### [Directions for this task]
When you copy the entries, omit the images and keep every word as it is.

### [Task inputs]
* * * * * * * * *

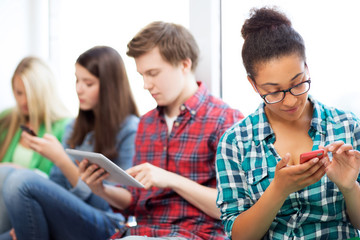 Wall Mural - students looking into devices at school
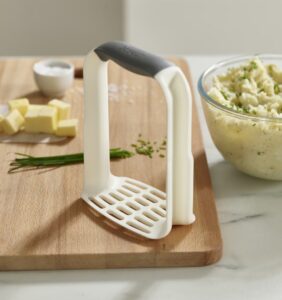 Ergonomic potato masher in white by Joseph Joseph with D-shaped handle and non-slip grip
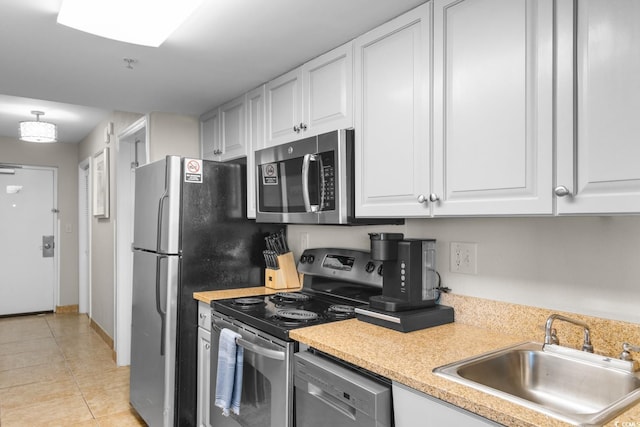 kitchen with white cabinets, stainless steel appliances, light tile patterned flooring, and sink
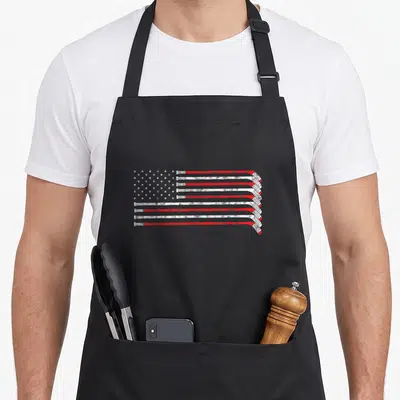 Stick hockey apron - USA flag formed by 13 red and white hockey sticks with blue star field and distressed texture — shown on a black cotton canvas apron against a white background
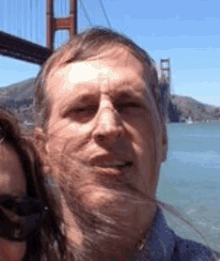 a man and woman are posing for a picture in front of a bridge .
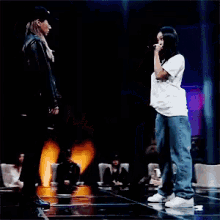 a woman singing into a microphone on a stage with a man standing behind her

* * * * * * * * *

### [Answer for the task]
 Wall Mural - students looking into devices at school
 Ergonomic potato masher in white by Joseph Joseph with D-shaped handle and non-slip grip
 kitchen with white cabinets, stainless steel appliances, light tile patterned flooring, and sink
 Stick hockey apron - USA flag formed by 13 red and white hockey sticks with blue star field and distressed texture — shown on a black cotton canvas apron against a white background
 a man and woman are posing for a picture in front of a bridge .
 a woman singing into a microphone on a stage with a man standing behind her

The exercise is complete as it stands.